Wednesday, 6 Feb 2013 | 5:41 PM ET
Yelp's banner on the New York Stock Exchange on IPO day,  March 2, 2012.
Jin Lee | Bloomberg | Getty Images
Yelp's banner on the New York Stock Exchange on IPO day, March 2, 2012.

Yelp on Wednesday reported a greater-than-expected loss for the fourth quarter as marketing expenditures grew 59 percent even as net revenue rose 65 percent.

After the earnings announcement, the online review site saw its shares fall more than 5 percent in extended-hours trading. (Click here to get the latest quotes for Yelp.)

Yelp reported a fourth-quarter loss of 8 cents a share on revenue of $41.2 million.

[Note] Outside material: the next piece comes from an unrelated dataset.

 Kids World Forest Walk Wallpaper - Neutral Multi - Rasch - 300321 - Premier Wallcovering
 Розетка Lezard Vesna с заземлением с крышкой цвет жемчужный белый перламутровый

Its net loss in the quarter narrowed to $5.3 million, compared with last year's net loss for the period of $9.1 million, or 56 cents a share.

Of Yelp's sharpened focus on mobile, CEO Jeremy Stoppelman told CNBC: "Twenty-five percentof our ads are now showing on mobile. It represents the same type of ads you see on the website. What we have is just more inventory. And on the mobile device it can be location-targeted."

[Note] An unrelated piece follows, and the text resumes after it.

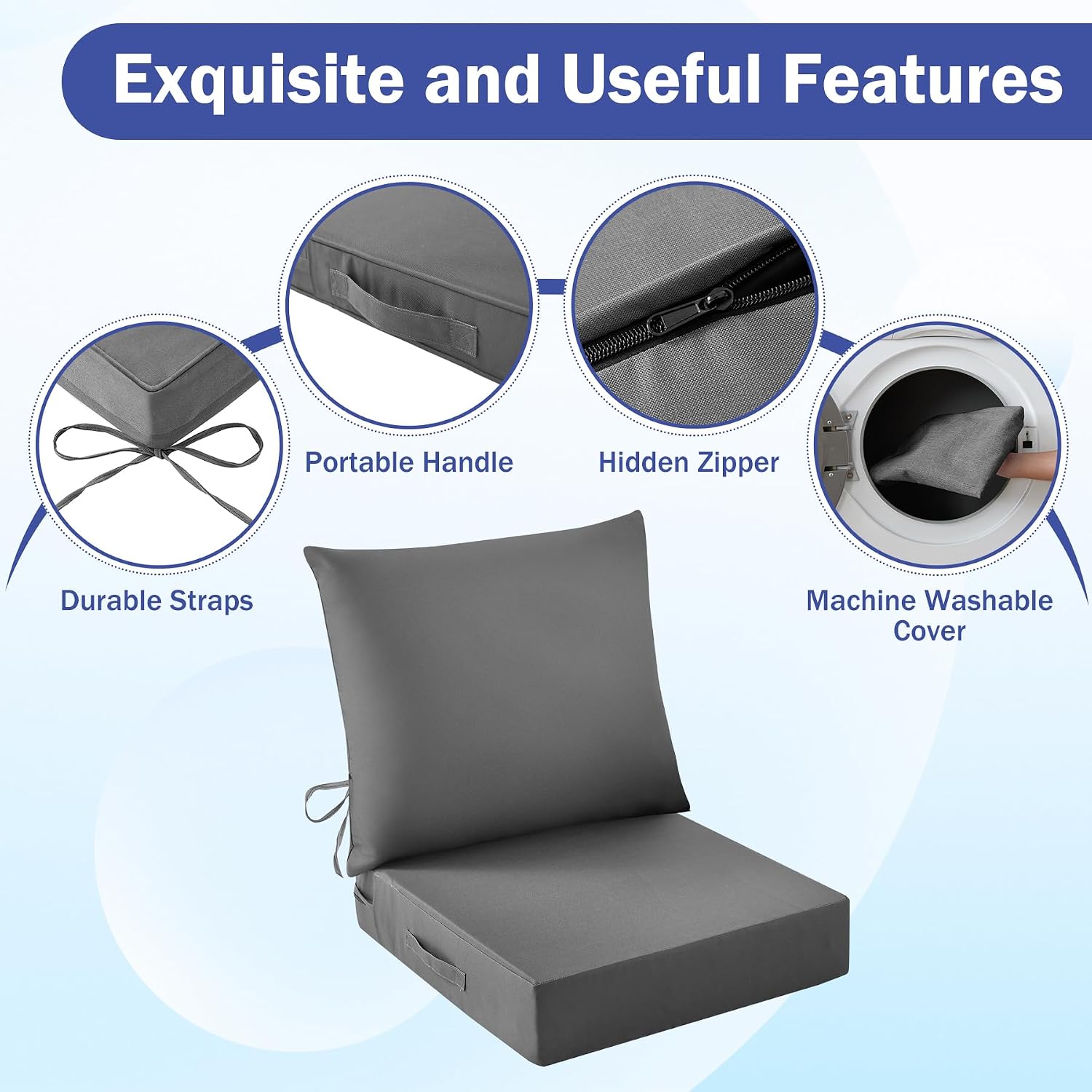 Thumbnail 4 de IASEAHK ISHWD2424575-25225-DarkGrey2 Outdoor Cushion Set, Dark Gray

Marketing spending rose from $16 million in the period last year to $25.5 million, as the company pushed for growth in Germany and Britain, according to Yelp's news release.

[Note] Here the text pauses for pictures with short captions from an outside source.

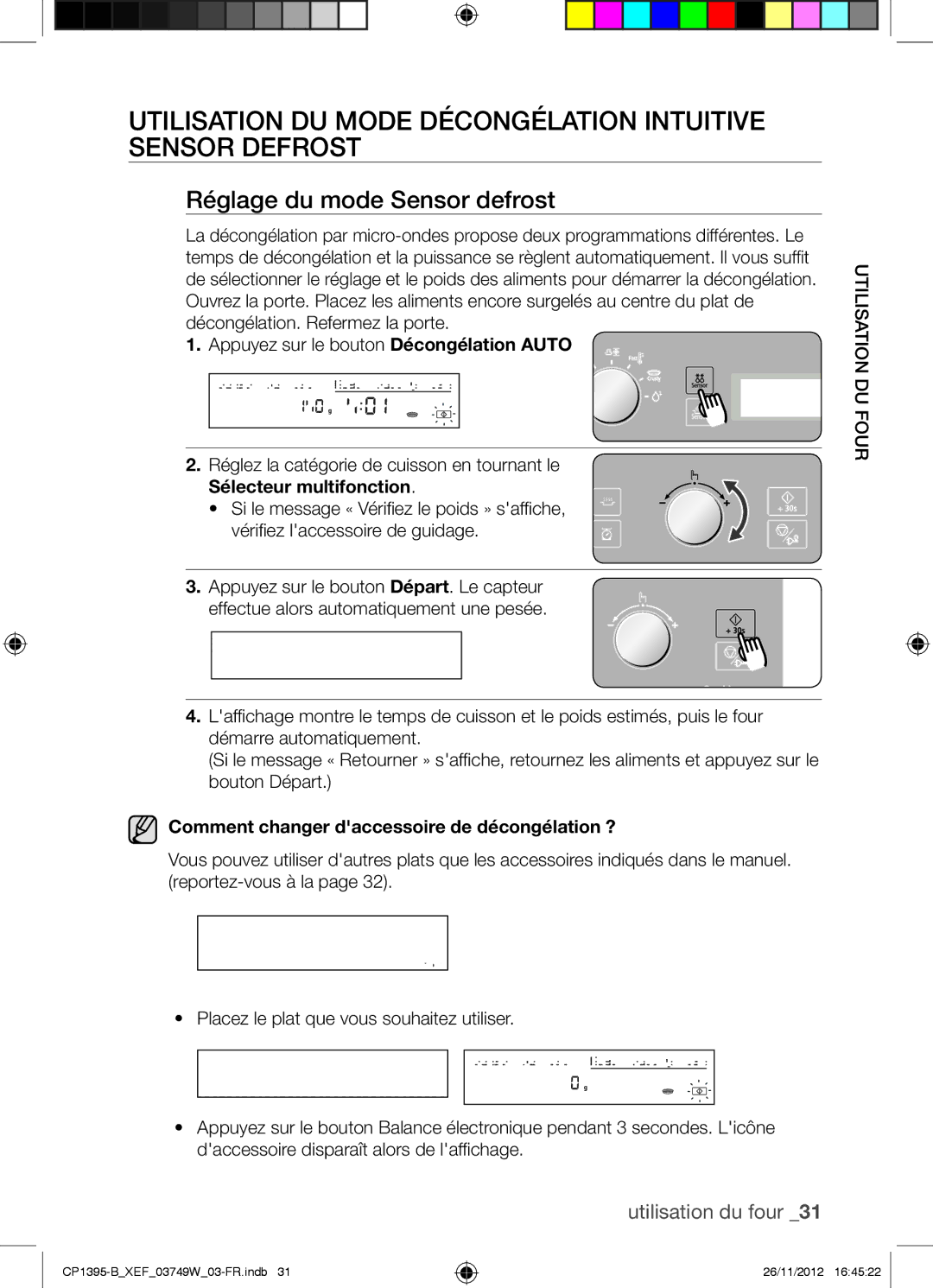 Samsung CP1395-B/XEF manual Utilisation DU Mode Décongélation Intuitive Sensor Defrost, Réglage du mode Sensor defrost 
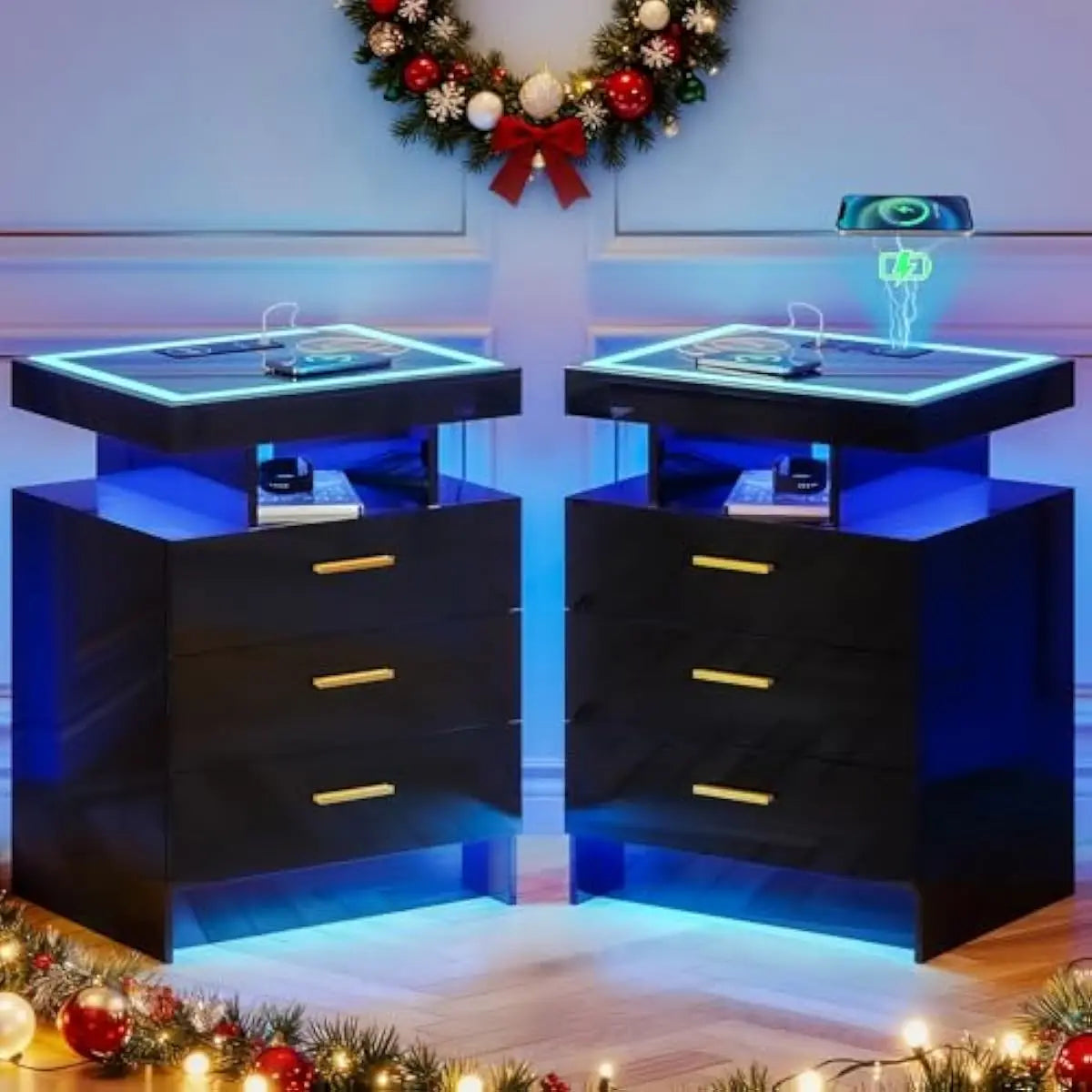2-piece LED-equipped bedside tables featuring touchless motion-sensing illumination, triple-color adjustable lighting, tempered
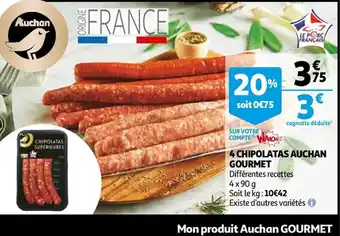 Auchan 4 Chipolatas Auchan Gourmet offre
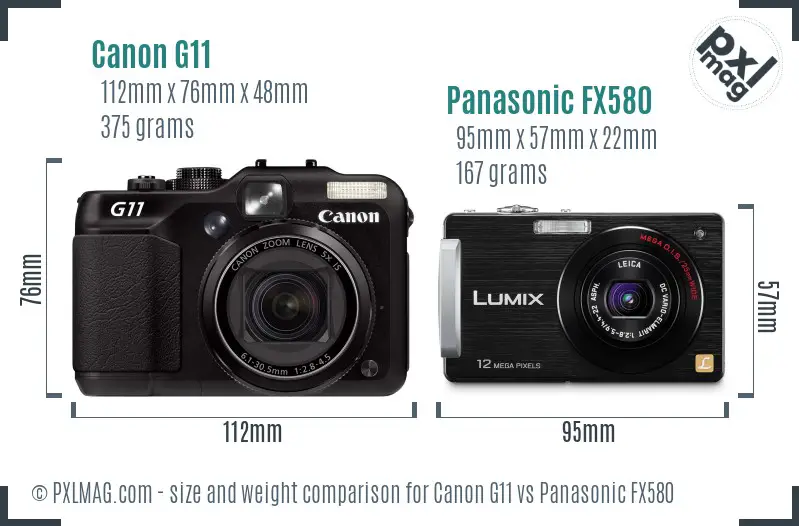 Canon G11 vs Panasonic FX580 size comparison Canon G11 vs Panasonic FX580 size comparison
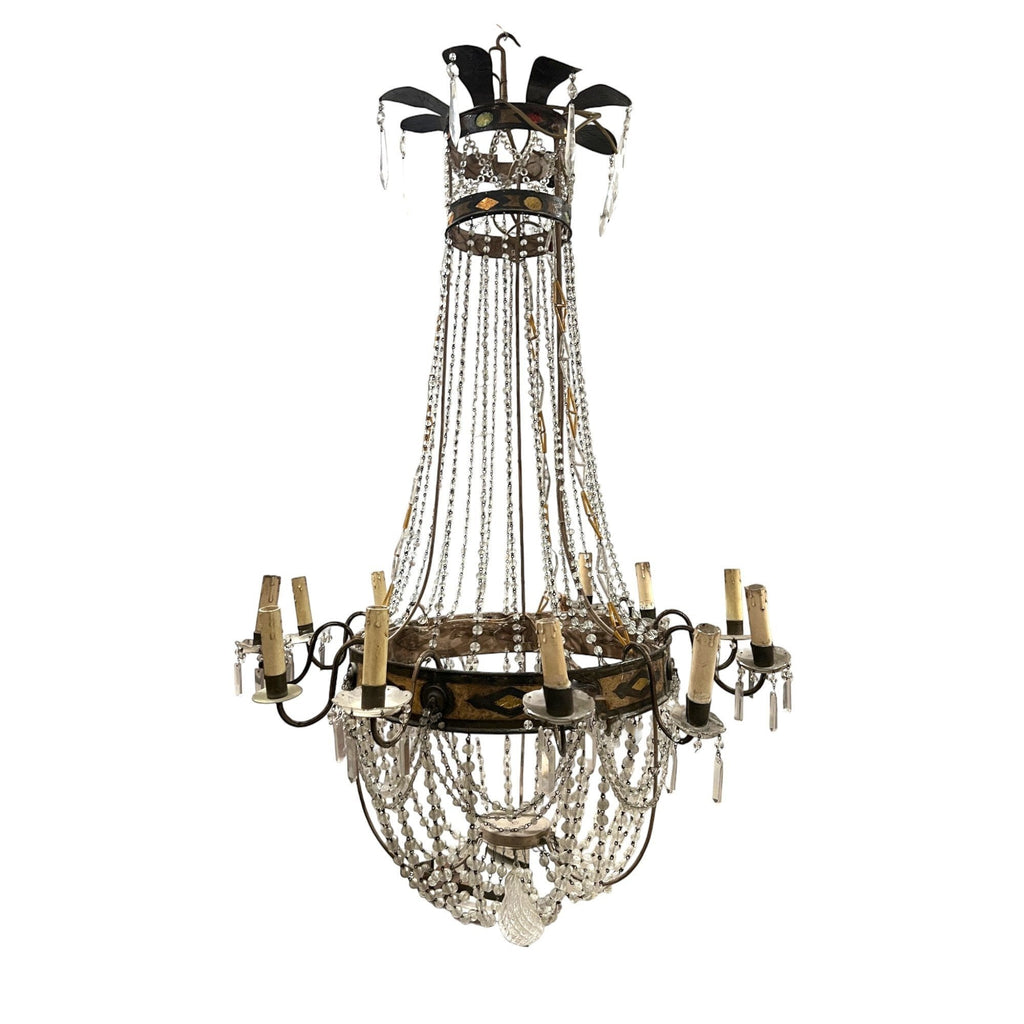 Tara Shaw 18th century Tuscan Empire chandelier with aged iron frame, neoclassical detailing, and crystal bead strands.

Analysts had expected the company to report a loss of 5 cents a share on $40 million in revenue, according to a consensus estimate from Thomson Reuters.

For the first quarter, net revenue is expected to be in the range of $44.0 million to $44.5 million, representing growth of 62 percent from the first quarter of 2012.

The site saw its user reviews grow 45 percent year over year to more than 36 million at the end of 2012, while monthly unique visitors grew 31 percent to about 86 million.

Regarding the competitive landscape online, potentially intensified by Facebook's graph search, Stoppelman said, "We have the advantage of being just focused on one thing. The same can't be said for Facebook or Google."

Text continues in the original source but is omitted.